Dataset records

━━━━━━━━━━━━━━━━━━━━━━━━━━━━━━

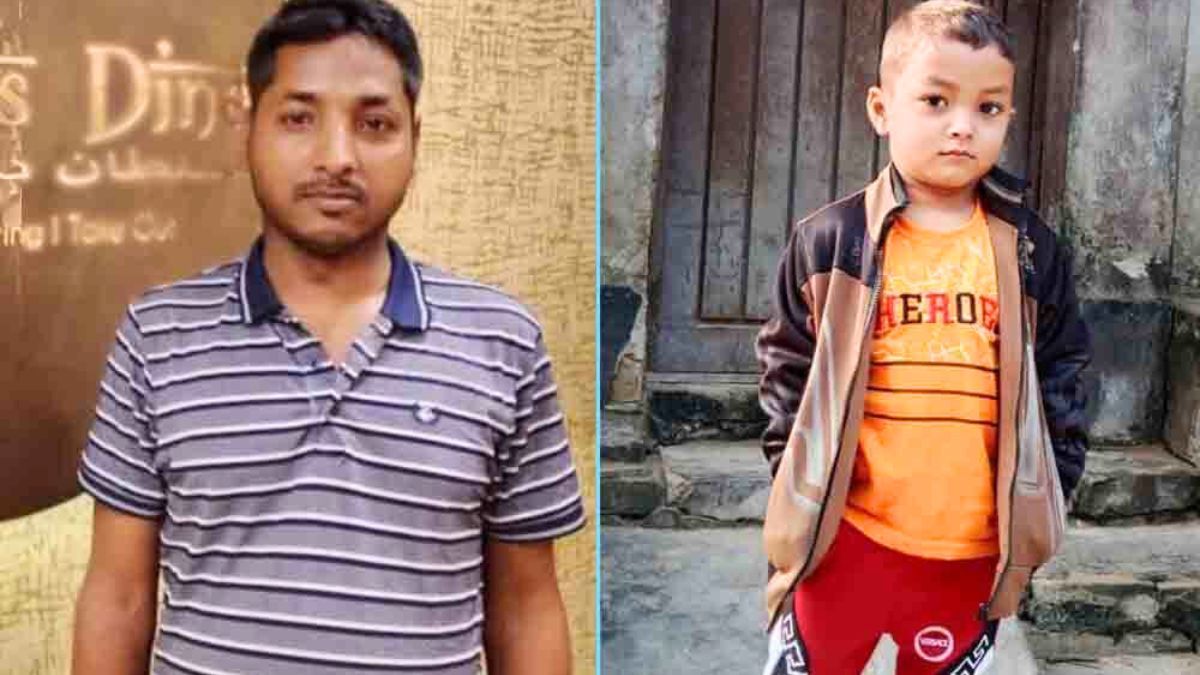 বগুড়ায় ঈদের নামাজে যাওয়ার পথে বাসচাপায় প্রাণ গেল বাবা-ছেলের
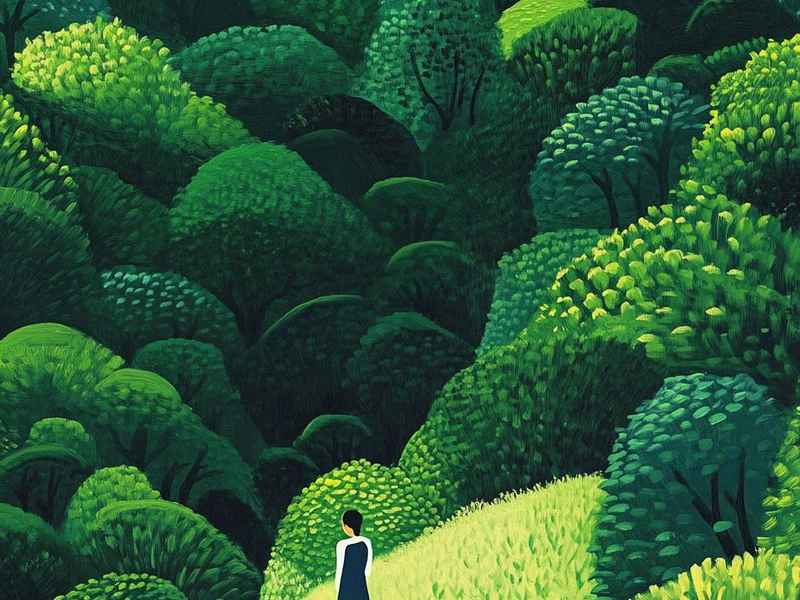 生活没点绿、生活没有点绿色,人生都不完整 生活没点绿、生活没有点绿色,人生都不完整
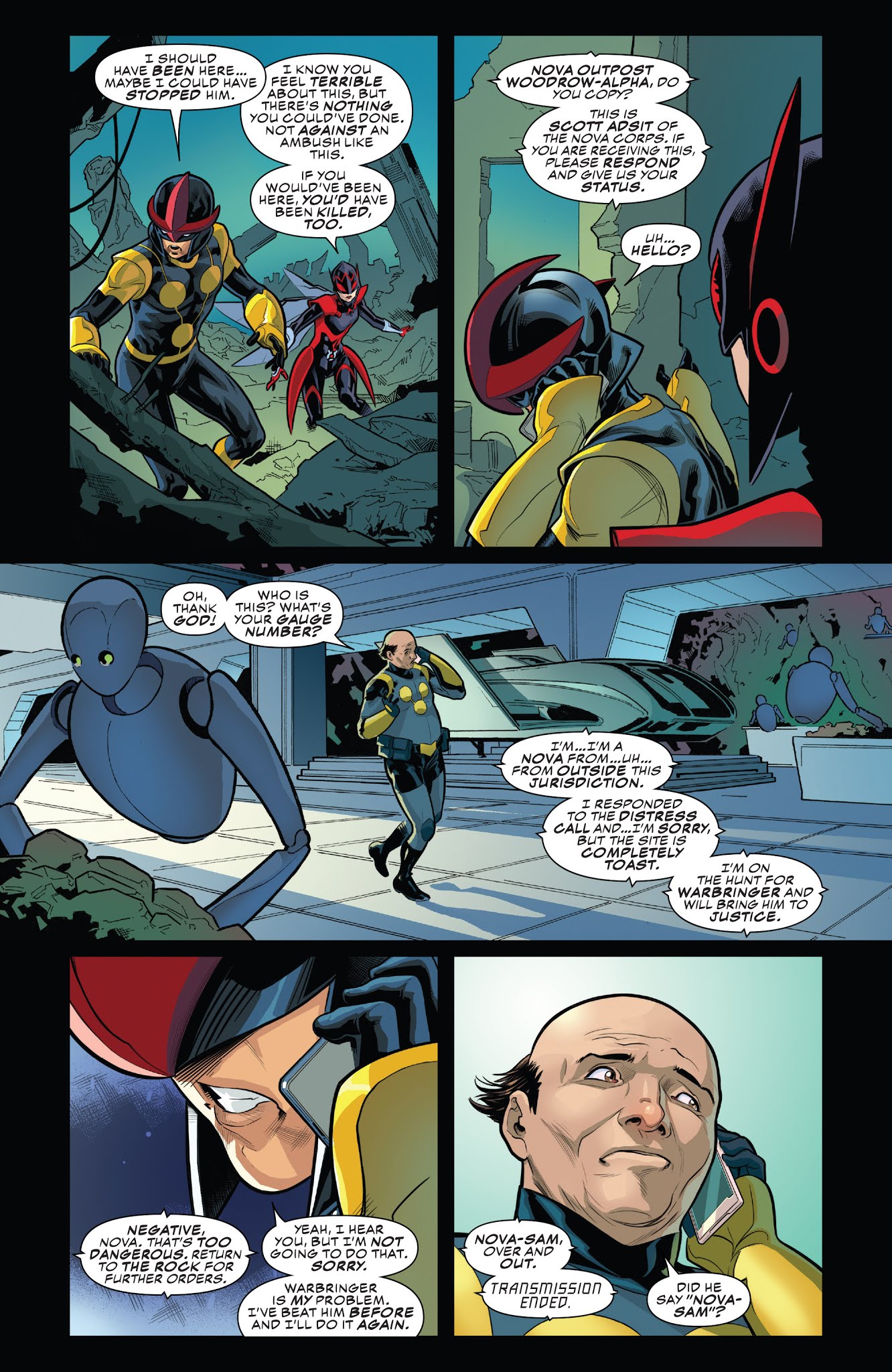 Read online Infinity Countdown: Champions comic -  Issue #1 - 12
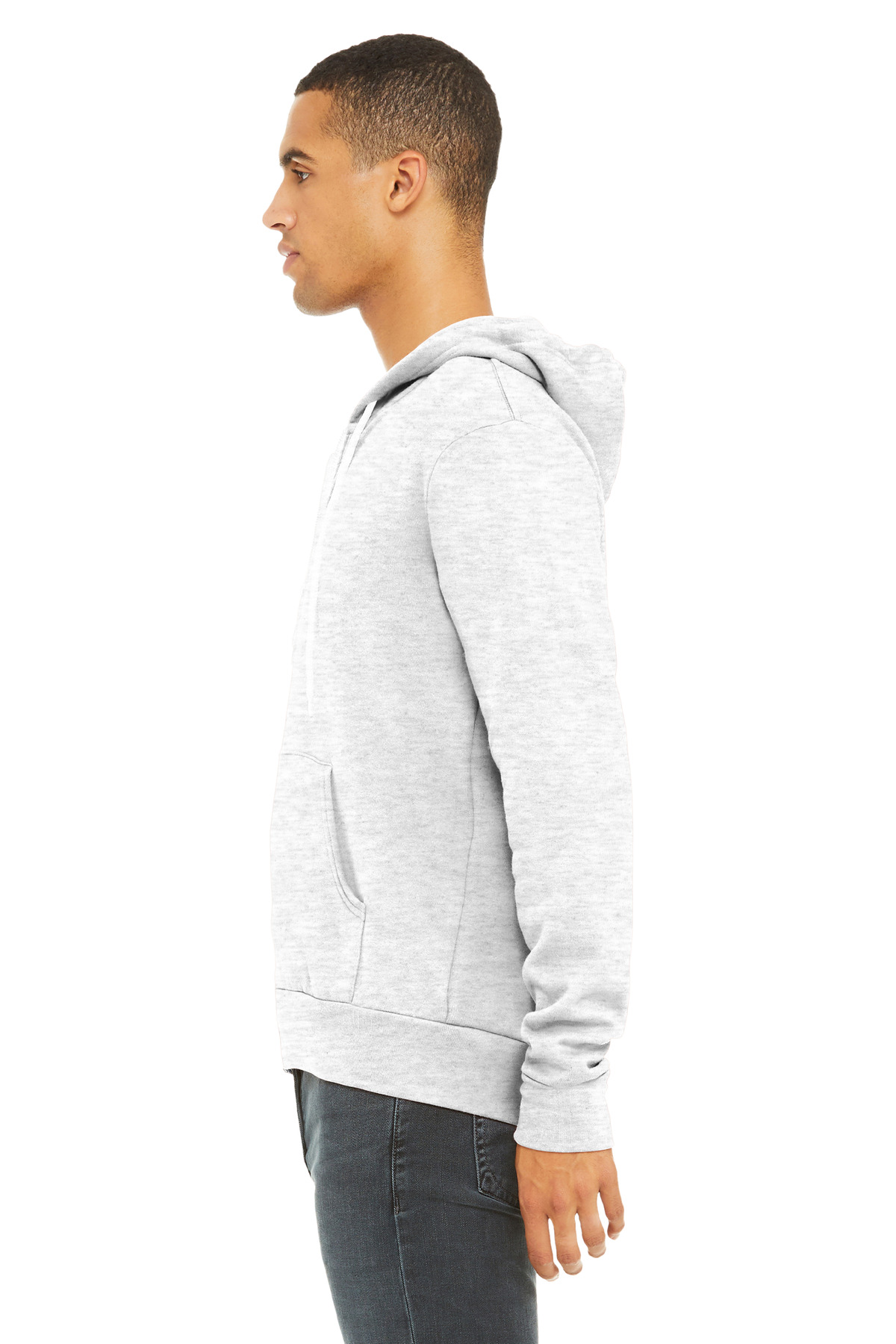 BELLA+CANVAS® Unisex Sponge Fleece Full-Zip Hoodie 31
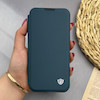 قاب گوشی iPhone 17 آیفون کلاسوری اورجینال J CASE سوزنی مدل SPORT 2026 محافظ لنزدار سرمه ای کد 126152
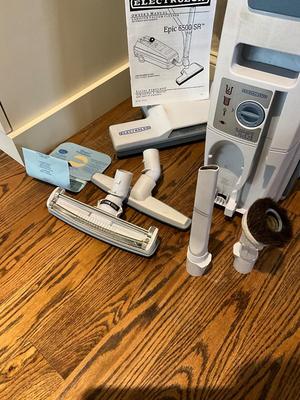 L640 Electrolux Epic 6500 SR Vacuum Cleaner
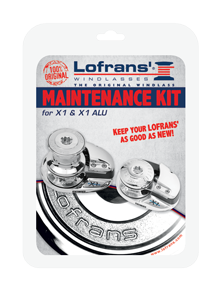 Lofrans Windlasses Maintenance Kit, Model X1 - 71770 72dpi - 71770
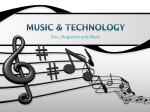 Music & Technology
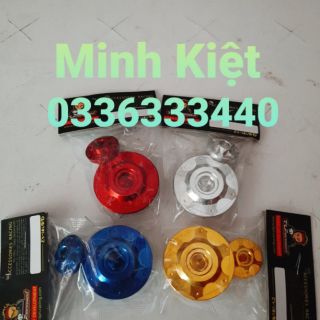 Ốc mâm lửa nhôm CNC cho xe Honda, Yamaha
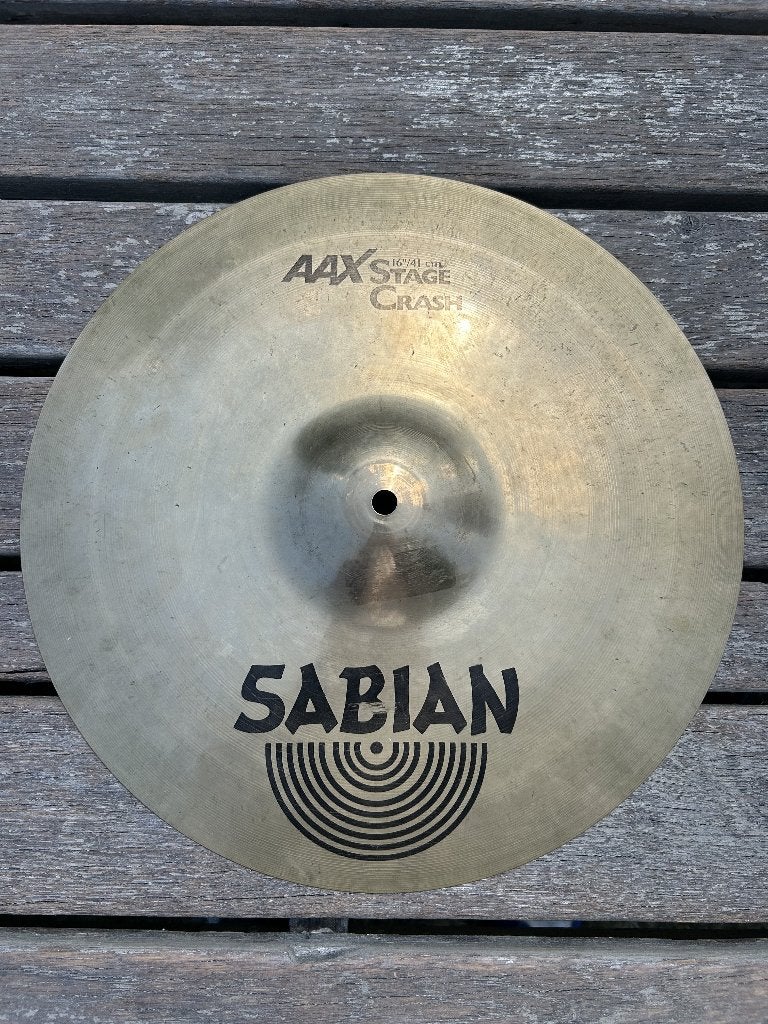 Sabian AAX stage crash 16", Ophalen of Verzenden, Gebruikt, Overige merken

━━━━━━━━━━━━━━━━━━━━━━━━━━━━━━

ACTION ITEM
Each entry must be reproduced word for word, and any image among them left out.

SOLVED PROBLEM
 বগুড়ায় ঈদের নামাজে যাওয়ার পথে বাসচাপায় প্রাণ গেল বাবা-ছেলের
 生活没点绿、生活没有点绿色,人生都不完整 生活没点绿、生活没有点绿色,人生都不完整
 Read online Infinity Countdown: Champions comic -  Issue #1 - 12
 BELLA+CANVAS® Unisex Sponge Fleece Full-Zip Hoodie 31
 قاب گوشی iPhone 17 آیفون کلاسوری اورجینال J CASE سوزنی مدل SPORT 2026 محافظ لنزدار سرمه ای کد 126152
 L640 Electrolux Epic 6500 SR Vacuum Cleaner
 Lofrans Windlasses Maintenance Kit, Model X1 - 71770 72dpi - 71770
 Music & Technology
 Ốc mâm lửa nhôm CNC cho xe Honda, Yamaha
 Sabian AAX stage crash 16", Ophalen of Verzenden, Gebruikt, Overige merken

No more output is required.